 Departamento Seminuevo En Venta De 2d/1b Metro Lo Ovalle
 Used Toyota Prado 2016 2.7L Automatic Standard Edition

* * *

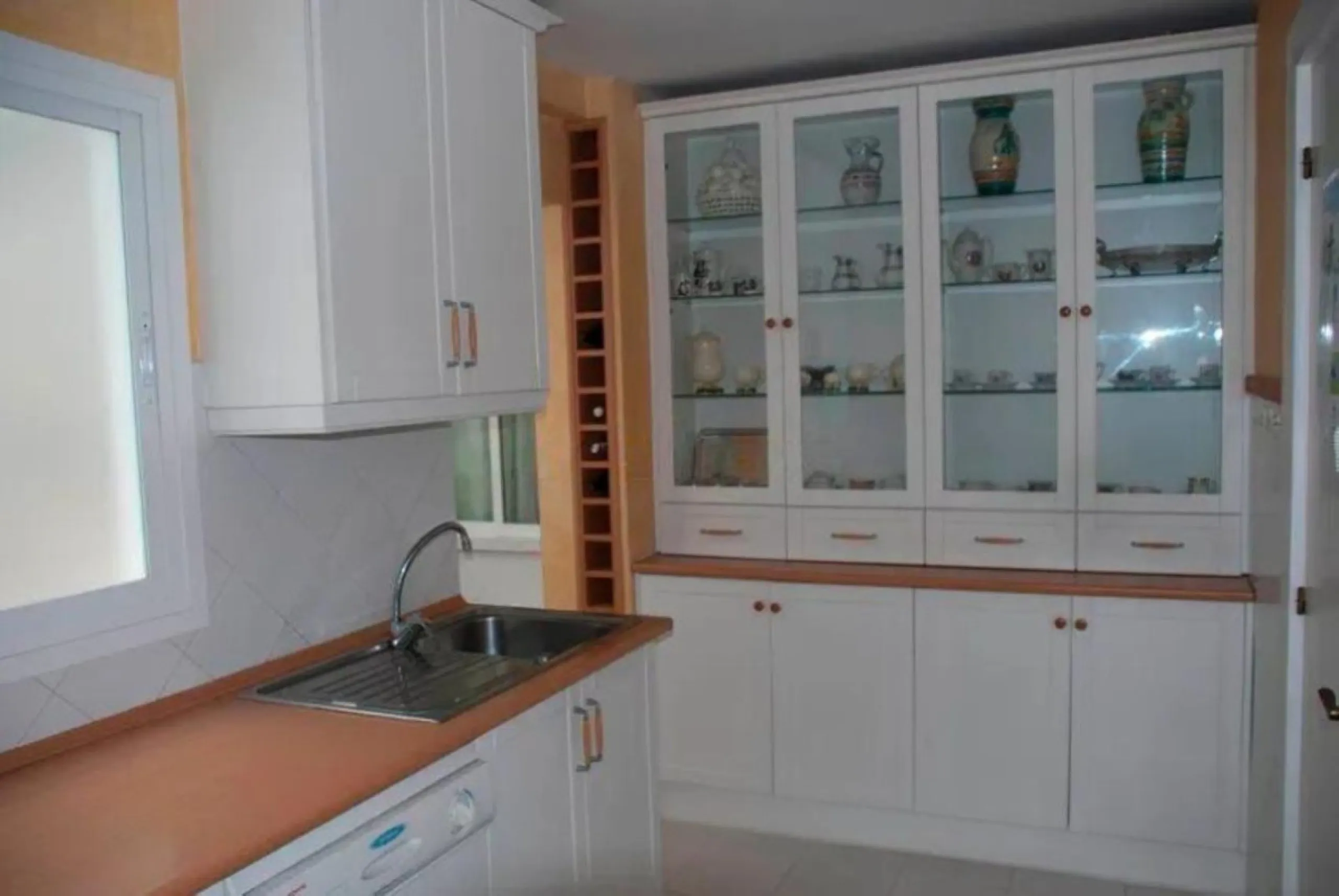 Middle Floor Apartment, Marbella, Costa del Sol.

#### EXERCISE AIM
Reprint exactly the lines above that start at the one with "Departamento Seminuevo En" and end at the one with "Used Toyota Prado", keeping both and adding none.

#### REPLY TO THE TASK
 Departamento Seminuevo En Venta De 2d/1b Metro Lo Ovalle
 Used Toyota Prado 2016 2.7L Automatic Standard Edition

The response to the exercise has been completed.